Poor crop stand and high weed infestation are the major constraints of direct seeded rice. Seed priming has the potential to improve the seedling emergence and crop stand. This study was conducted to evaluate the on-farm assessment of direct seeded rice by employing different priming techniques such as on-farm priming, hydropriming, hardening, and osmohardening with CaCl_2 and KCl. Untreated seeds were taken as control. Among all the seed priming techniques, osmohardening with CaCl_2 improved the stand establishment, allometric response, agronomic traits, yield, and quality of harvested paddy compared with other priming techniques, and non-primed control in direct seeded culture. Improved crop stand as indicated by lower values of time to emergence and higher values for emergence index and final emergence, higher crop growth rate, and improved plant height, tiller numbers, and straw and kernel yield with high harvest index were recorded from osmohardening with CaCl_2. In addition, seed priming treatments also improved the kernel quality.
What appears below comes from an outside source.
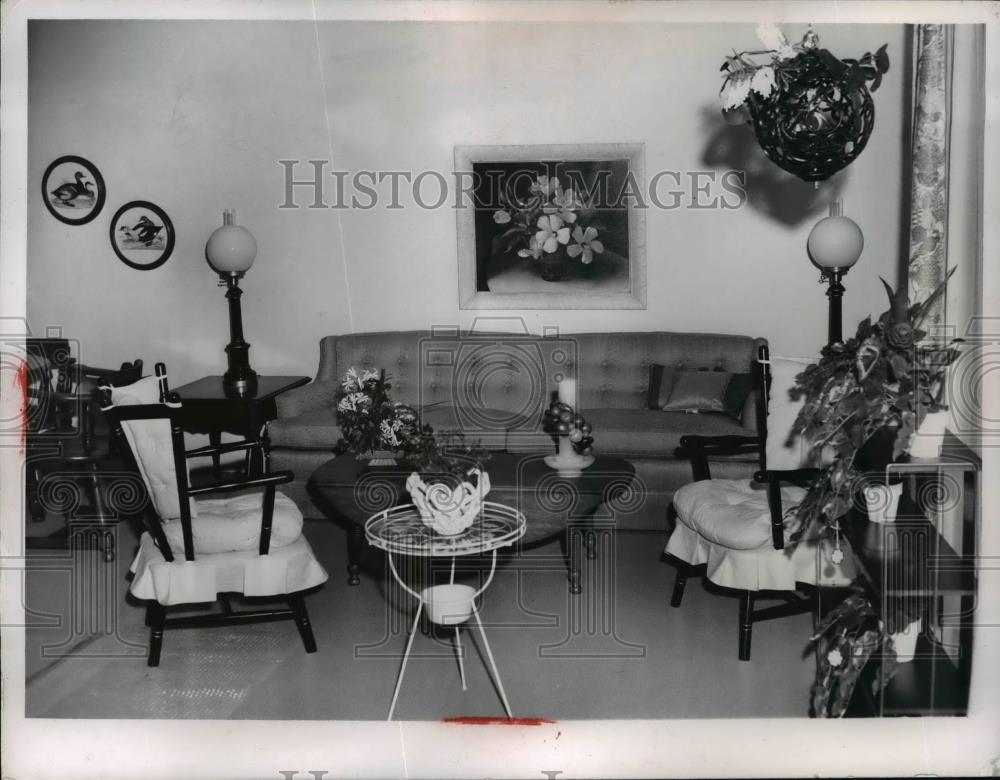 1962 Press Photo Living Room, Early Amerucan Style by Warren Parkway - nee84955 - Historic Images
Osmohardening with CaCl_2 was the best way to reduce sterile spikelets, abortive and chalky kernels, and improve kernel length. However, none of the seed priming techniques could improve the number of kernels per branch, 1000-kernel weight, kernel width, and kernel water absorption ratio. Moreover, improved phosphorus, calcium, and potassium contents were also observed from osmohardening with CaCl_2 followed by KCl. Osmohardening with CaCl_2 can therefore be employed for better crop stand, growth, yield, and quality in direct seeded rice.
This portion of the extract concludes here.